I was recently asked to review Stellar Phoenix Access Repair tool. Using tool you can scan corrupted database to see what objects are still there, preview data in tables and SQL of queries, and repair database or selected objects. In most cases you can repair all tables and queries you see, but it is not true for other objects (at least for me).
I took a copy of Northwind.mdb and one of my largest frontend databases to test it, I tried to cut off parts of file, and run repair process.
When I cut off first 80 bytes I was not able to see (scan) objects in database, and even database was "repaired" – there were no objects in it, repaired database file becomes 96 kB. So file header is essential for that tool. Cutting off several bytes from the end does not affect database, cutting about 100kB makes it corrupted, but tool can scan most of objects, and repair all visible tables and queries. Cutting off more bytes gives less visible objects in database, and having file length less than 64 kb makes this tool useless.
I did not really managed to repair form or any other than tables/queries objects, in some cases tool tries to run Access in background with 100% CPU utilization, but looks like it hangs (or maybe it takes too much time).
One more useful option - Recover deleted records. If you have deleted records in the table, and then scan database using this tool, without compacting database – you can also recover deleted records. Tables, with deleted records appear as separate tables, like on then picture below.

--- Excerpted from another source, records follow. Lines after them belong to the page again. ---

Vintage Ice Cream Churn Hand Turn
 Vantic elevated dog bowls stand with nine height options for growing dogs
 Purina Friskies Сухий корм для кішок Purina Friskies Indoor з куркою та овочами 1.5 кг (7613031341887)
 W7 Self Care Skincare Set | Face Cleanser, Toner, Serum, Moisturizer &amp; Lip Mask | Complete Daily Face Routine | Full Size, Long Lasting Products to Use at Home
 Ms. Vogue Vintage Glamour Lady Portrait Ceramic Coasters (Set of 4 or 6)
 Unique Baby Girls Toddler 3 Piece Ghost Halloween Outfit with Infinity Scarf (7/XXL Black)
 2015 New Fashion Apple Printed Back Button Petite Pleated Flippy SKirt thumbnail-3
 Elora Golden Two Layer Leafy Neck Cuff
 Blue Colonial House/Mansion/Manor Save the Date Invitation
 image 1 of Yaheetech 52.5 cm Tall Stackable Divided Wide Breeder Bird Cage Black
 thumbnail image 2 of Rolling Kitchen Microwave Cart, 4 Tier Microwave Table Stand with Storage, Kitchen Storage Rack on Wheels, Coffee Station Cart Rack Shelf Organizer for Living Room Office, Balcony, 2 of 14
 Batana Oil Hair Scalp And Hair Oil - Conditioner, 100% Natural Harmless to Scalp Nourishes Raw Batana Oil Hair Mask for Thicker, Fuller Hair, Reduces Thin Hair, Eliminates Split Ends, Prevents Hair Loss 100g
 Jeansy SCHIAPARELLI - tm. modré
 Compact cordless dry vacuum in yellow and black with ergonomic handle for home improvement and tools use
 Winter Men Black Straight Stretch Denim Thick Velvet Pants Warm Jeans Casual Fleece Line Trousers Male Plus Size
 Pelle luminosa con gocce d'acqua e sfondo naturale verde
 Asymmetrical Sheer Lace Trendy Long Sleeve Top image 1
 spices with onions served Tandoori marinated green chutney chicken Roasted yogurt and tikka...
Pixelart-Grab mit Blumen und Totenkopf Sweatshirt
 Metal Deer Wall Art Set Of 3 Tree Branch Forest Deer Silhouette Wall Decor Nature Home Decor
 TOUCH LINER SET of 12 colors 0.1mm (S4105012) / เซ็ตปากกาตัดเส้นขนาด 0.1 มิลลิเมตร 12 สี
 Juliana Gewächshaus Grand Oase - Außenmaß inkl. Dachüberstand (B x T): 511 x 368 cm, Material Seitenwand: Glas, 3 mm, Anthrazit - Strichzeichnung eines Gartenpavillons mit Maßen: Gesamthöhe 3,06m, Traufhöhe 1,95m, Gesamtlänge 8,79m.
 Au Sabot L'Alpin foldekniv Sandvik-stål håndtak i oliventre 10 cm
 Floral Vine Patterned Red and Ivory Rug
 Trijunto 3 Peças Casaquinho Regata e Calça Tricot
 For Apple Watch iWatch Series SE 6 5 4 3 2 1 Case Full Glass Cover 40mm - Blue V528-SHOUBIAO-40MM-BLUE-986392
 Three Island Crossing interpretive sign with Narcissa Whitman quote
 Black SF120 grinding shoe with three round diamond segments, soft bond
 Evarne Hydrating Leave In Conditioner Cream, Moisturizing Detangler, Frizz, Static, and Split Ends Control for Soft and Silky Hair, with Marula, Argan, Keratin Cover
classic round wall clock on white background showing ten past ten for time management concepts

As you see I have deleted records from Customers and Orders tables (and related Order Details), but tool recovered only Customers records, Orders and Order Details (deleted records) where empty, while in tool itself I saw deleted record in Orders (but not in Order Details). Still something to improve, this can be demanded feature.
Conclusion. Developer normally often makes a copy of frontend, means recovering forms and reports are not so important. Most sensitive objects in database are tables, and tool helps to repair them. Perhaps manual repair can give better result, but it is always good to try a tool like this first.